You’ve seen them, and if you’re like me – go ahead and admit it – maybe you’ve been a little jealous! I’m talking about those devoted cardio machine junkies who faithfully pound away day after day, week after week on the elliptical, treadmill, or spin bike.  Or your neighbor who runs every morning, no matter what the weather. I know! You’re wondering what they have that you don’t, right? How come they seem to have so much discipline and you don’t? 

But wait! Sometimes things aren’t what they seem! Oftentimes when people do the same routine over and over and over – no matter how dedicated – their bodies don’t change all that much. They might have super healthy hearts – but that might be all. Why is this? They’re not exercising the right way. And you, my friend, can start now, doing things the right way – the way that’s far more likely to give you the results you want. Ready?

If you want to go beyond just having a healthy heart, but also to make changes in your lean muscle/fat ratio, then you need to understand how your body burns fat and how your heart rate factors into that process.

Much has been written by exercise scientists and trainers regarding the “Fat Burning Zone”, HIIT (High intensity interval training) and other discussions around the most effective way to not only get a healthy heart, but to lose unwanted weight. It can get pretty complex. Check this out if you really want to get into the details, numbers, and science of it.

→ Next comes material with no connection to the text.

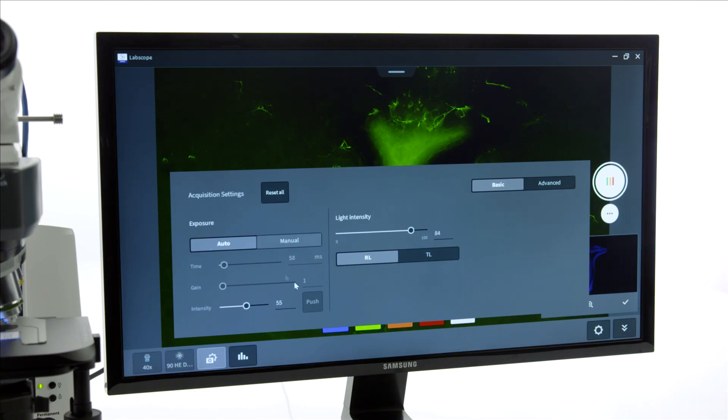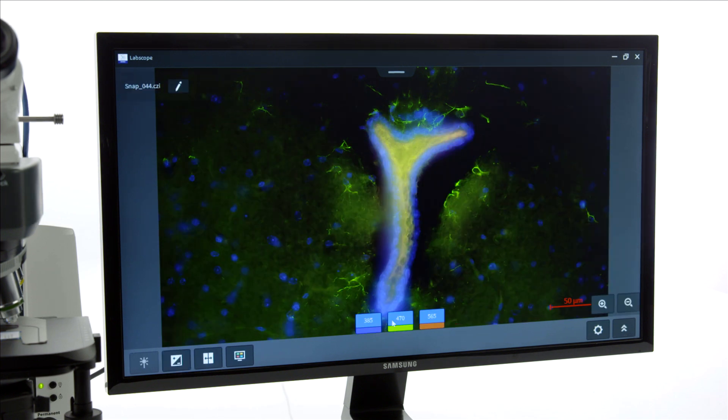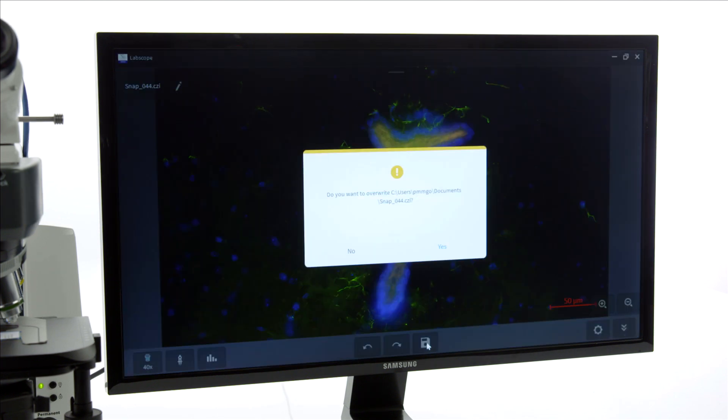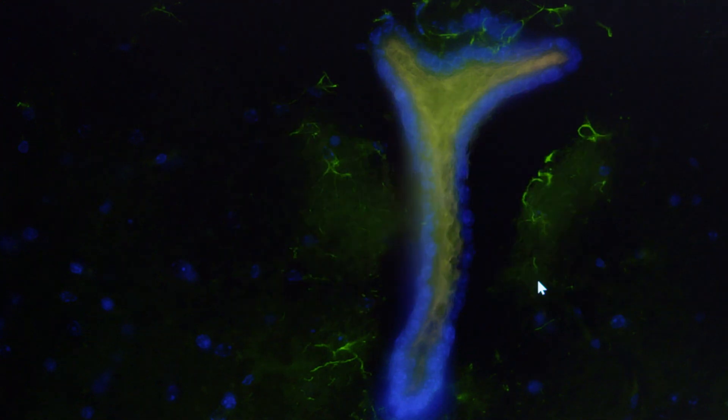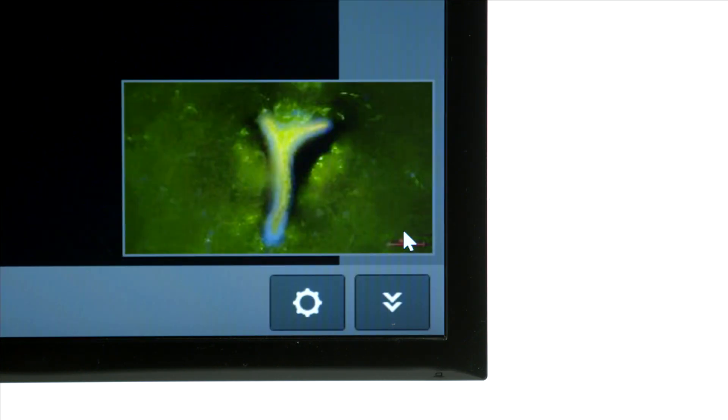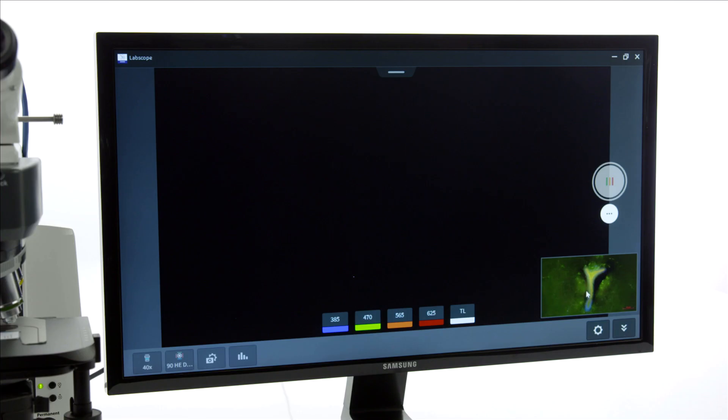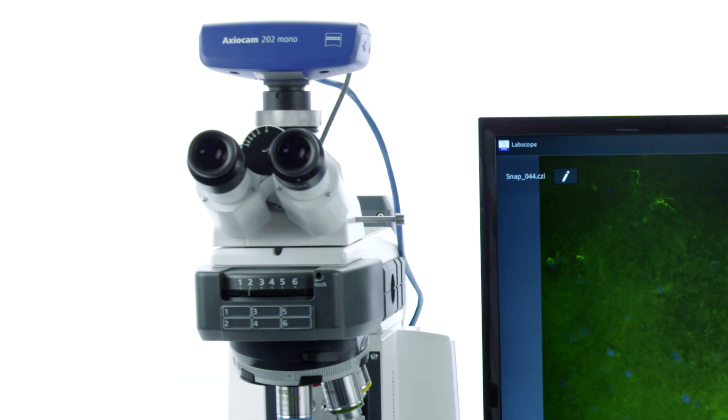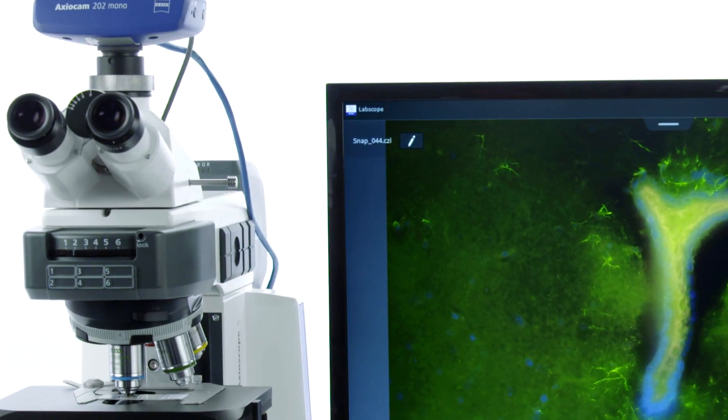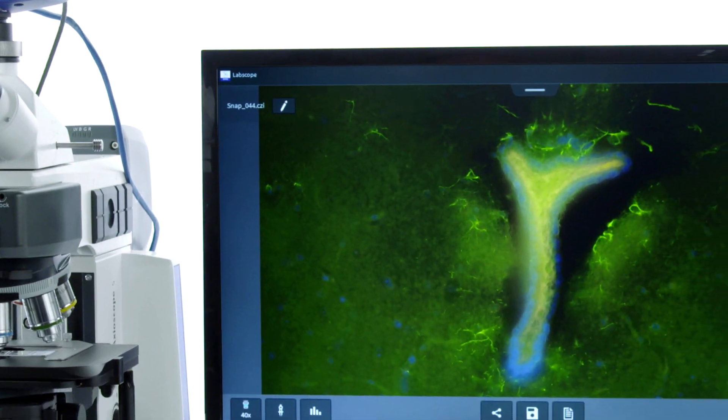Illumination and exposure settings are memorized for each channel. You can revisit a channel and easily overwrite it. Once you are done, accept the result. The full metadata including scaling information is stored with the image.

It is true that lower-intensity cardio burns a higher percentage of fat to energy extended than a higher intensity workout. As a result of this, people are reasoning why work so hard (25% higher) to only burn 20 more fat calories? The problem with this thinking is two-fold: First, the focus is primarily on burning fat calories during the workout only. And second, little to no consideration is given to the calories and fat burned after the workout, as well as total calories burned.

Training using a HIIT method affects your metabolism both during the workout and long afterwards. HITT demands more of your body in the recovery phase and thereby continues to burn calories and fat long after you finished your workout.

Another bonus is that your muscles are protected with HITT workouts since longer bouts of cardio at steady rates tends to burn muscle. Short bursts will preserve your muscles.  More muscle burns fat and it becomes a positive cycle.

Additionally, more fat that is stored in the muscles is broken down following HITT workouts; hence the Afterburn Effect.

What exactly IS a HIIT workout and how do you know you are training at the proper level? Optimal post-exercise calorie burn occurs for most people when hard exercise is performed at 70-80% of your maximum heart rate. A HIIT workout consists of repeated sets of all out cardio (running, burpees, cycling) for short bursts followed by a recovery period performed for half the time of the high burst segment. For example. 60-120 seconds high burst followed by 30-60 seconds recovery.

The longer you can keep up the sets, the more calories burned during the Afterburn cycle.

But who wants to do all that math to be sure you are on target to the best fat burning results? Just make sure that during your high intensity segments, you are unable to talk and you will likely be performing at that 70-80% rate.

By simplifying your cardio workouts and focusing on the following, you can achieve maximum results:

  • 5 minute warm up
  • Workout at high intensity for 60 seconds, then recover for 30 seconds.
  • Continue this for 6-8 sets
  • 5 minute cool down

Alternatively, here is a great Do Anywhere HIIT workout to get you started. Most importantly please keep in mind that your underlying motivation should not just be to burn fat. Doing an HIIT program helps you to maintain and build muscle, be fit for life, increase your metabolism; all of which result in burning fat.